Disadvantaged Tanzanian learners share their success stories with Lakeland College.
From Jan. 3-15, Ben Acquaye, a Lakeland business instructor, Justyna Kolodziej, a Lakeland business
student, and Nozipho Moyo, a NorQuest business student, travelled to the African country to work on marketing and promotional outcomes, such as recording student success stories.
“Being part of this project was an unbelievable experience.
We were in class with the students almost every day, talking to them and writing their stories about how this project has helped them. Some students couldn’t speak English or get in front of the class before this project but have found the confidence to do it,” says Justyna. Justyna and Moyo also interviewed past students, administrators and instructors about their experience with the project.
The project was part of Colleges and Institutes Canada’s (CICan) Improving Skills Training for Employment Program
(ISTEP). ISTEP is funded by the Government of Canada.

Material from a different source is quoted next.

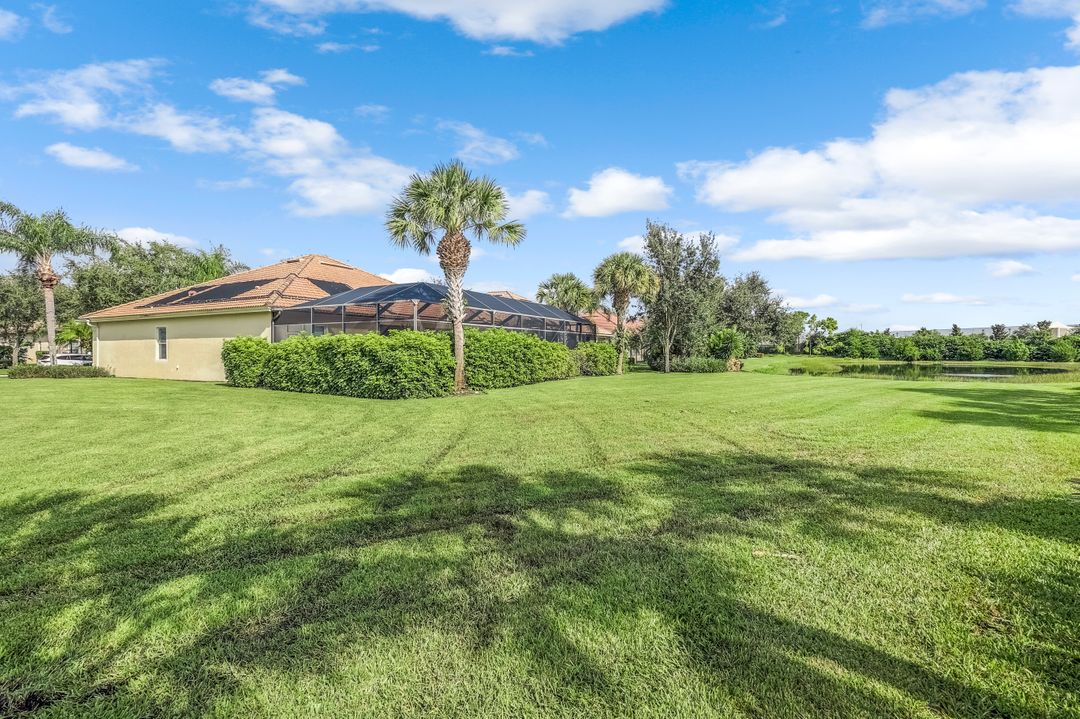 10383 Yorkstone Dr, Bonita Springs, FL 34135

All 13 ISTEP projects will be meeting in Arusha, Tanzania on Feb. 12 and 13 to do a presentation on their projects. CICan will be producing posters for each partnership. The stories Justyna and Moyo collected will be featured at this CICan exhibition, says Acquaye.
VETA student Paul Hosea entered the ISTEP project to improve his mathematics proficiency but says he gained much more from the program - improved English and communication, team building and networking skills.
“You know it is special. I feel we are really getting what we need from this experience. I wish this program was every year because not only does it help me gets closer to my goals, but it also helps me go beyond what I thought was possible for me,” says Hosea, adding that this project opens doors for him to work with people from various countries such as Canada, Australia or Hungary.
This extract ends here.